+++ Record extracts

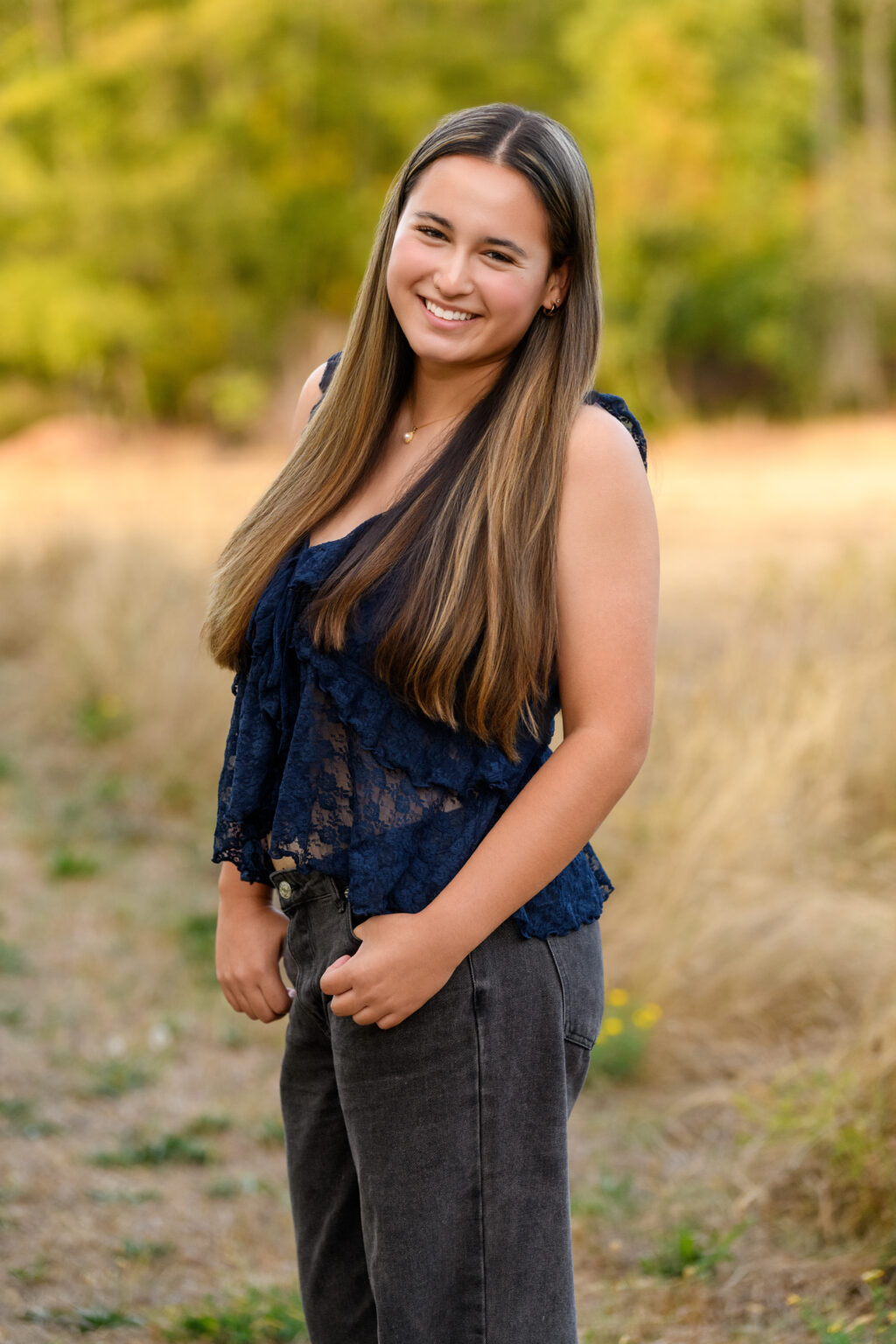Smiling young woman with long hair in a navy lace top standing in a sunlit field with a blurred yellow-green background.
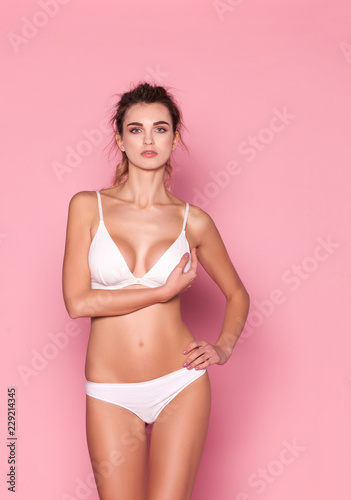 Beautiful woman in white lingerie on a pink background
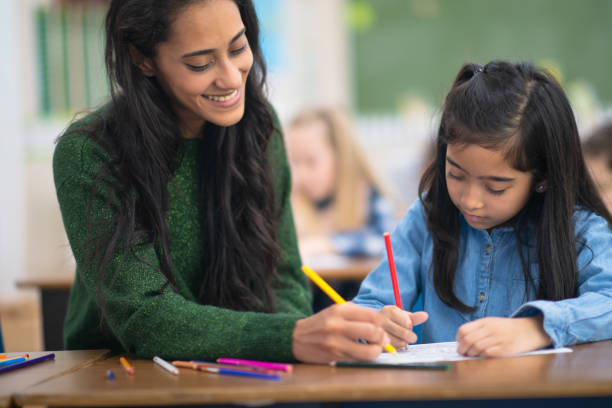 istock Beautiful teacher helps her Indian student 1164801531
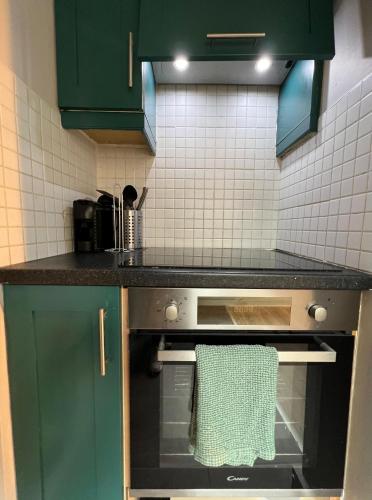 a kitchen with green cabinets and an oven with a towel at Temple Bar Apart in Dublin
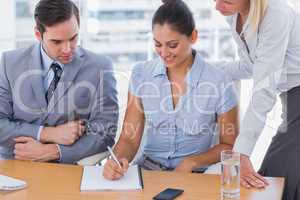 Businesswoman showing colleagues something on notepad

++++++

_Goal of the exercise:_ Write out nothing but the lines from the one with "a kitchen with" through the last line of the entries, exactly as they stand; pictures are not part of the copy.

_Result for this task:_
 a kitchen with green cabinets and an oven with a towel at Temple Bar Apart in Dublin
 Businesswoman showing colleagues something on notepad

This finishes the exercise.